State and federal laws that feature dispute resolution processes involving health plans and providers are needed to protect patients from surprise out-of-network medical bills, according to a paper from the Brookings Institution (PDF).
The paper released Thursday suggests holding patients harmless in surprise medical bill situations but not putting the financial burden entirely on either plans or providers. One approach would be a limited form of rate regulation such as a prescribed fee schedule or a rate cap for out-of-network providers, similar to legislation recently enacted in California.
The authors said this would best be combined with an efficient form of dispute resolution outside the court system that involves providers and health plans, including self-insured plans.
Mark Hall, a senior fellow at the Brookings Institution and one of the authors of the paper, said the issue is complex and will require a complex public policy solution. “There isn't a magic bullet,” he said. “We can't simply say: 'Health plan, fix it.'”
Betsy Imholz, special project director at Consumers Union, said the issue has traction in Congress and she hopes to see legislation addressing it next year. Policy action is needed because “the market incentives are not there for the providers and payers to fix this.”

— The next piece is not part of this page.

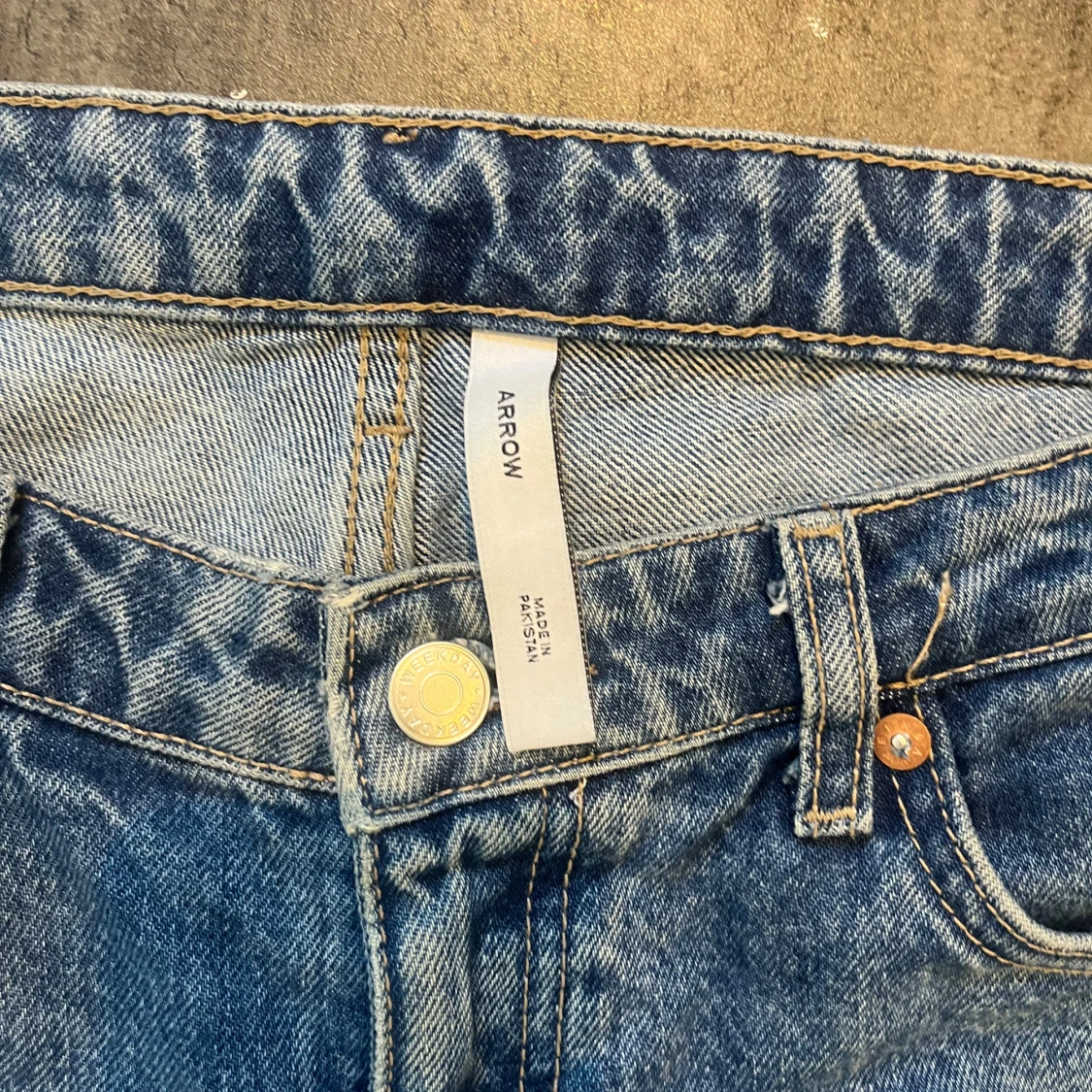 Weekday Arrow blå straight jeans 27/32 - 2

The issue of surprise out-of-network medical bills has gained growing attention from state and federal policymakers as health plans increasingly move to limited provider networks. Surprise medical bills occur when patients go to an in-network facility and unwittingly receive services from an out-of-network provider, such as an emergency physician, assistant surgeon, or anesthesiologist. A recent national survey showed that 20% of adults have at some time received a surprise medical bill, which can total hundreds or thousands of dollars.
Several states including California, Florida, New York, and Connecticut have passed bipartisan legislation to shield patients from surprise bills and establish a process for health plans and out-of-network providers to work out payment issues.
But these state laws don't apply to self-insured employer plans, which are protected from state rules by the federal ERISA law. Federal legislation would be needed to address surprise bills for the millions of patients in self-insured plans.
One of the toughest political issues is setting rates for out-of-network care that both providers and plans will accept. Some medical groups, including the American Medical Association and emergency medicine, anesthesiology, and radiology groups, have opposed such legislation, arguing that the problem is that insurers aren't offering doctors adequate rates to join their networks.
The CMS has issued a proposed rule suggesting that health plans count enrollee cost sharing for out-of-network care received in an in-network facility toward the enrollee's annual deductible.
The Brookings authors laid out six principles for resolving surprise medical bill issues, urging a comprehensive approach that considers emergency situations as well as other common hospital scenarios.
They said federal action is needed in addition to state action. Patients need more than just improved information and should be held harmless when a surprise cannot be avoided. Hospitals should increase physician participation in networks. And they argued that lawmakers should determine how much health plans should pay out-of-network providers delivering care in in-network facilities.
Jeffrey Plagenhoef, president-elect of the American Society of Anesthesiologists, said the problem involves gaps in insurance coverage. Physicians want to participate in plan networks but insurers sometimes do not make that viable.
“It's not that we won't come to the table to negotiate,” he said. “We're not being allowed at the insurance-controlled table in many cases.”